E dimostra che le legge sulle quote ha dato un forte impulso all’innalzamento della qualità degli eletti e della politica.
I dati sono inconfutabili, perché le docenti analizzano due gruppi di enti locali, quelli in cui la formazione delle liste e dunque le elezioni si è basata sulla legge 81 del 1993, secondo la quale nessun genere poteva rappresentare più dei 2/3 dei candidati totali nelle liste elettorali comunali, e gli enti locali dove ciò non è avvenuto.
Si tratta di un “esperimento naturale”, spiegano le docenti nel paper Gender quotas and the quality of politicians scritto con Audinga Baltrunaite e Piera Bello, perché “la legge fu abolita inaspettatamente nel 1995 perché dichiarata incostituzionale. Poiché le elezioni avvengono ogni 5 anni, non tutti i comuni votarono nel periodo 1993-1995 in cui la legge era in vigore. Questo ci permette di identificare due gruppi, spiegano le autrici della ricerca: il gruppo di trattamento rappresentato dai comuni che hanno votato secondo tale legge, e il gruppo di controllo che include gli altri. Possiamo quindi utilizzare una metodologia ‘difference in difference’ per stimare la differenza della qualità media dei politici locali eletti nei due gruppi di comuni.
Seguendo precedenti studi nella scienza della politica, misuriamo la qualità con gli anni di istruzione. I risultati dell’analisi mostrano che la presenza delle quote si è accompagnata a un aumento della qualità media (istruzione) dei politici eletti, non solo perché tra gli eletti sono aumentate le donne, che mediamente sono più istruite degli uomini, ma anche perché sono diminuiti gli uomini con basso livello di istruzione. In altri termini la presenza di donne tra i candidati ha portato a un aumento del numero di donne elette, che hanno sostituito gli uomini meno istruiti.
Il nostro lavoro si focalizza su un contesto specifico, quello dei politici locali. Il messaggio però ha una portata molto più ampia: non è detto che l’introduzione di quote di genere peggiori la qualità dei rappresentanti. Anzi, nel caso analizzato ha portato a un suo miglioramento. In Italia, paese dominato da una potente gerontocrazia maschile, l’adozione di quote di genere potrebbe rappresentare un rinnovamento benefico”.

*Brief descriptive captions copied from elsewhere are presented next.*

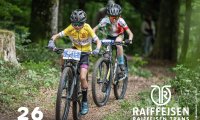 02_raiffeisen_trans_bevaix_06_26_00065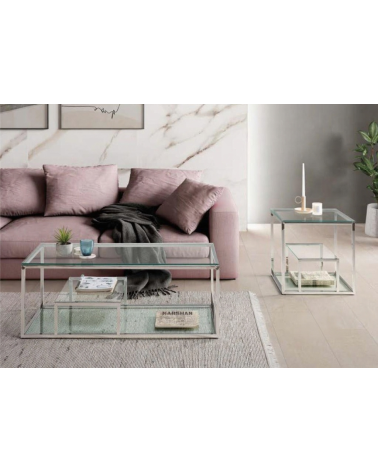 Mesa Auxiliar mod. M65 en Auxiliares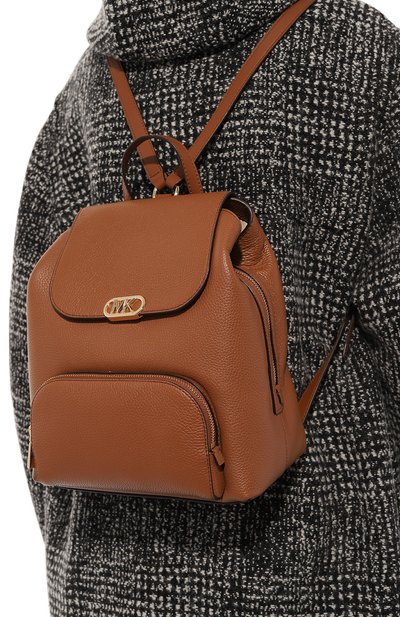 Рюкзак kensington MICHAEL MICHAEL KORS, арт. 30F3G8KB2L, фото 2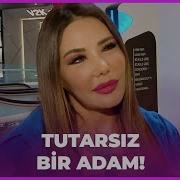 Esra Balamir Cem Yılmaz Mümkünsüz Ve Güven Vermeyen Bir Adam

La pubblicazione di tale ricerca è un contributo importante alle teorie di genere, in quanto per la prima volta viene empiricamente provato come l’introduzione per legge delle quote abbia come conseguenza l’aumento della qualità degli eletti.

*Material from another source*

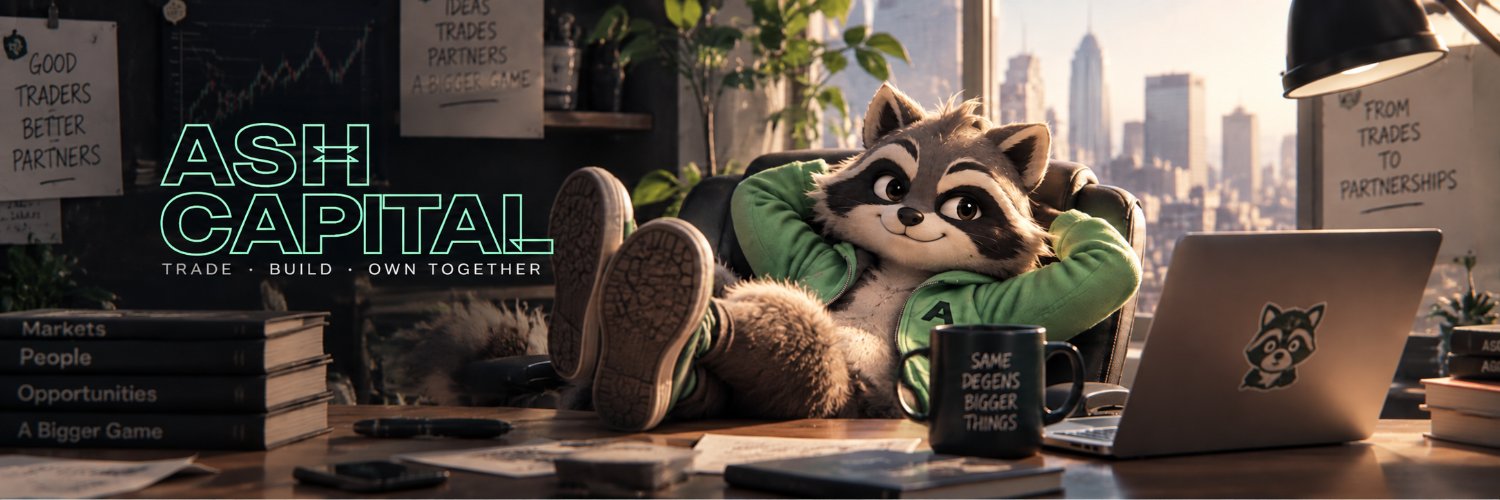 ashcapxyz's profile banner image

Infatti una delle contestazioni più diffuse, anche a seguito dell’approvazione della legge 120 del 2011, che impone alle società quotate una percentuale minima del genere meno rappresentato nei cda e nei collegi sindacali, ossia le donne, finora è stata proprio quella sull’impossibilità di dimostrare l’automatismo tra l’introduzione delle quote e l’aumento della qualità degli eletti.
La prova ora c’è ed è impossibile da confutare.